Your objective :: Would you please print exactly the lines that run from the one with "敷地内駐車場（屋外平面式）" to the last line of the data, both included, without any pictures?

Extracted data ::
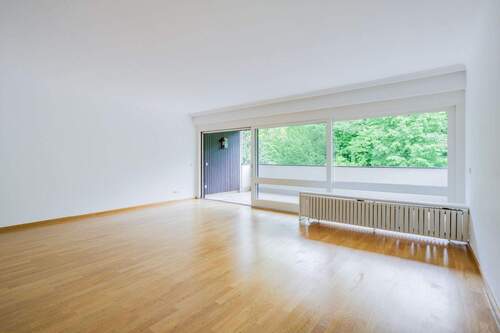 Wohnzimmer - AIGNER - Sonnige, familientaugliche 4,5-Zimmer-Wohnung in Bestlage Herzogpark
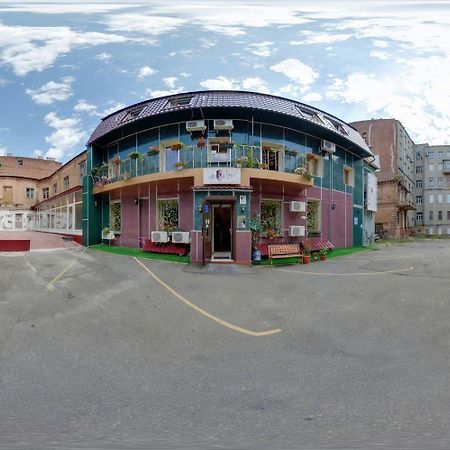 Yellow Unlimited Hotel 4 Харьков Экстерьер фото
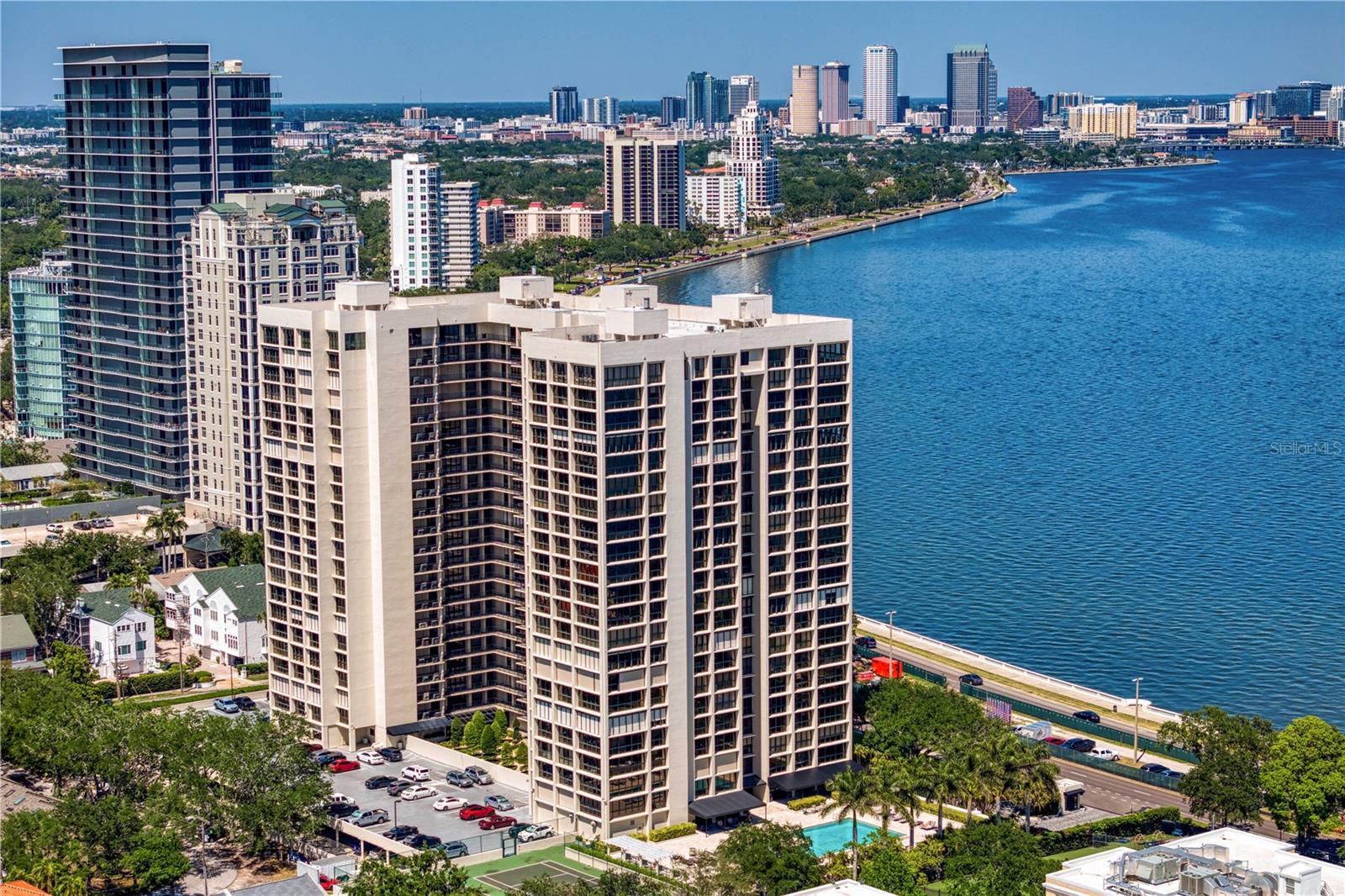 Image 2 of 41 For 3301 Bayshore Boulevard 702e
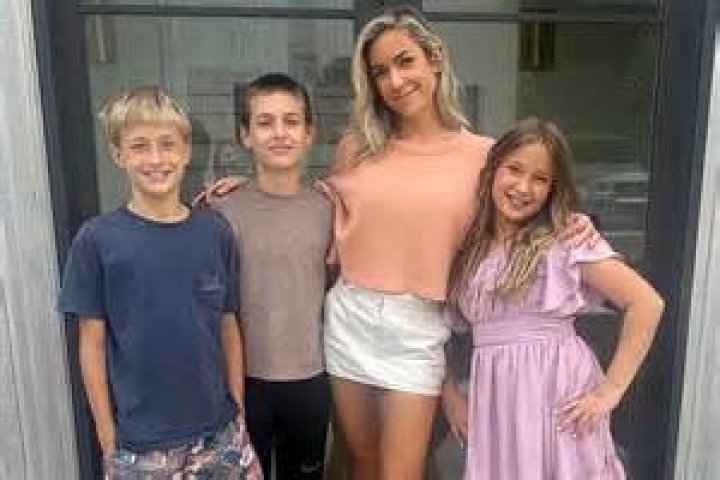 Kristin Cavallari Admits She’s Doing Her ‘Best’ Co-Parenting With Ex Jay Cutler: ‘I’m Learning As I Go’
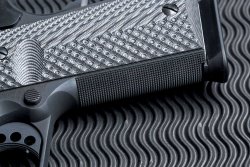 STI Europe Sparta 5.0 in 9 mm Luger und .45 Auto Griffstück der Waffe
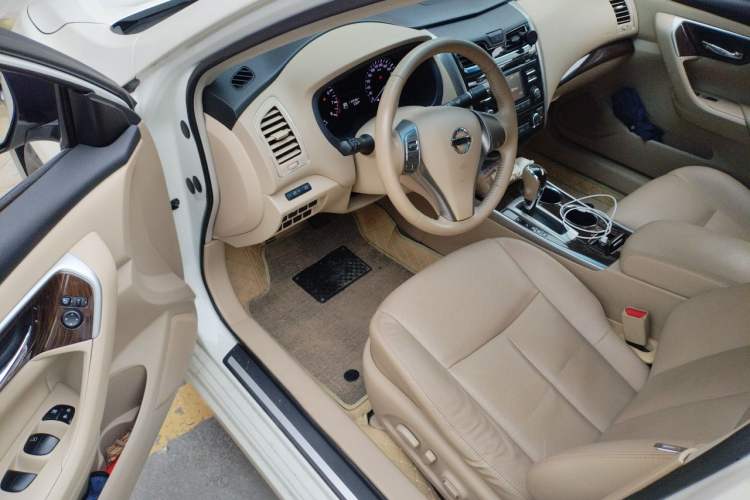 Used Nissan Teana 2013 2.0L XL Comfort Edition Driver Seat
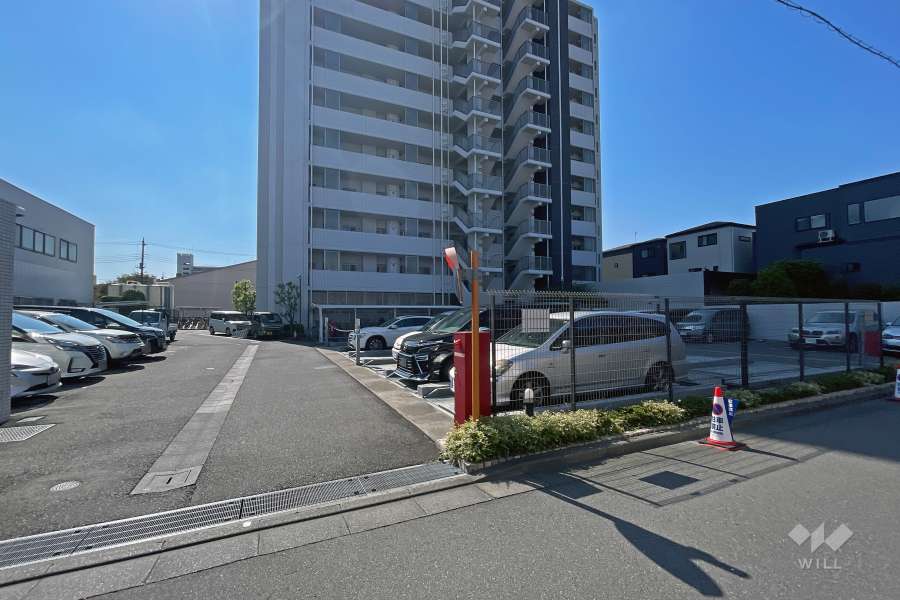 敷地内駐車場（屋外平面式）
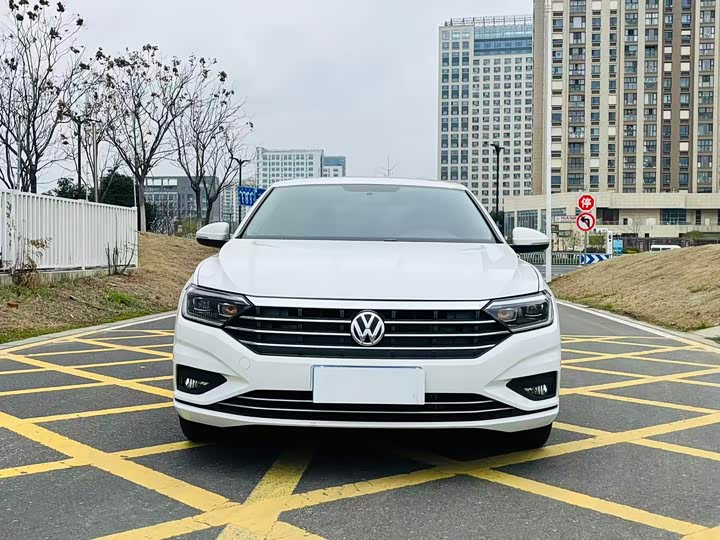 Photo 2 - Volkswagen Sagitar L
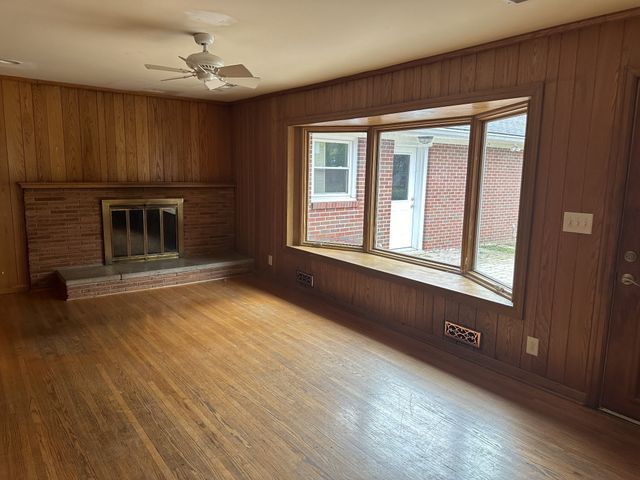 1123 Lipscomb Dr, Nashville, TN 37204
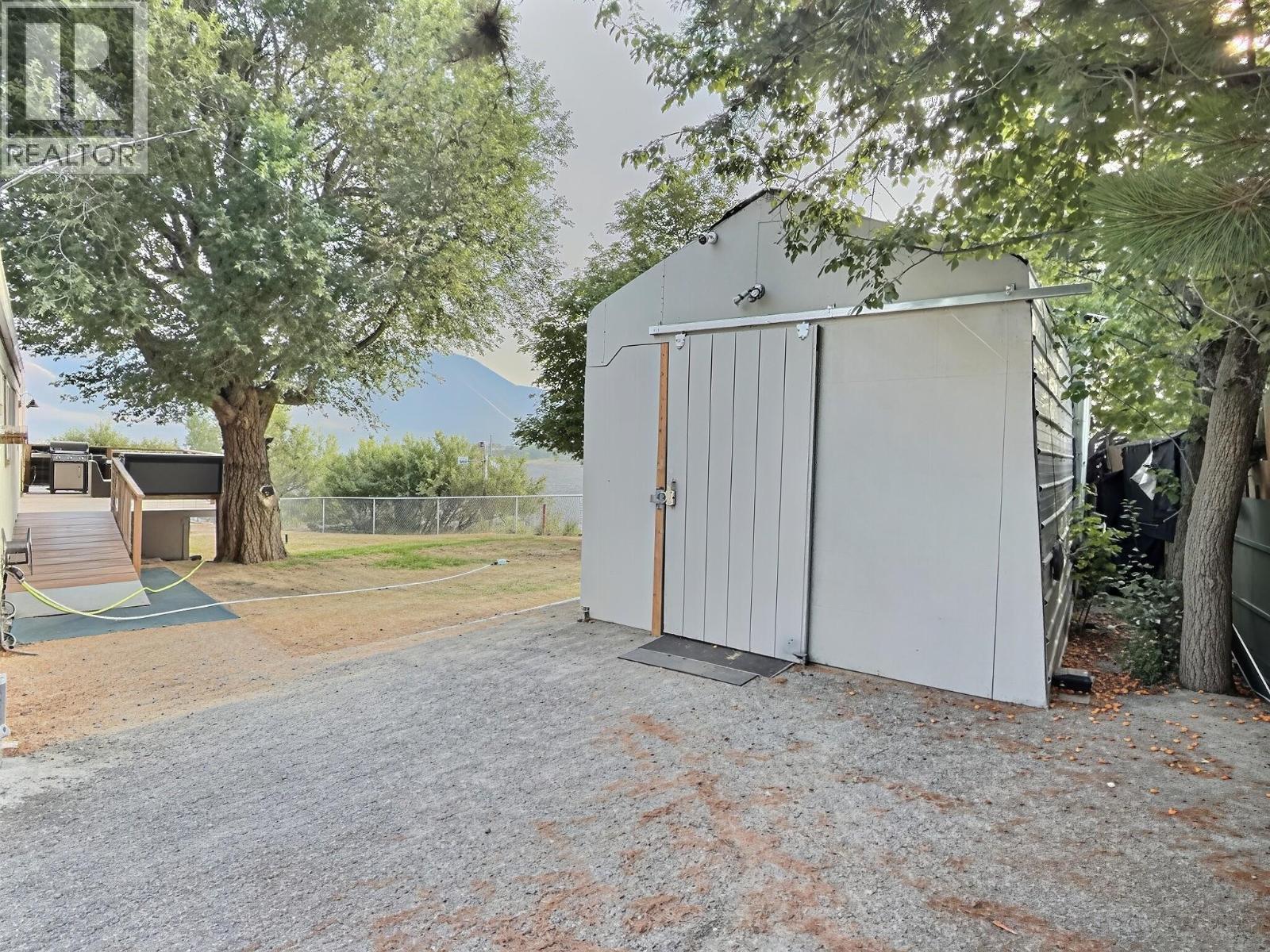 5399 Shelly Drive, Kamloops, British Columbia  V2C 5A7 - Photo 6 - 10396372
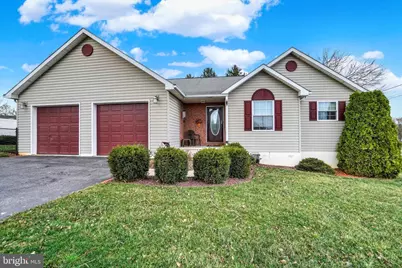 2035 Leonard Street, York, PA 17404 - Photo 1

Result of this exercise ::
 敷地内駐車場（屋外平面式）
 Photo 2 - Volkswagen Sagitar L
 1123 Lipscomb Dr, Nashville, TN 37204
 5399 Shelly Drive, Kamloops, British Columbia  V2C 5A7 - Photo 6 - 10396372
 2035 Leonard Street, York, PA 17404 - Photo 1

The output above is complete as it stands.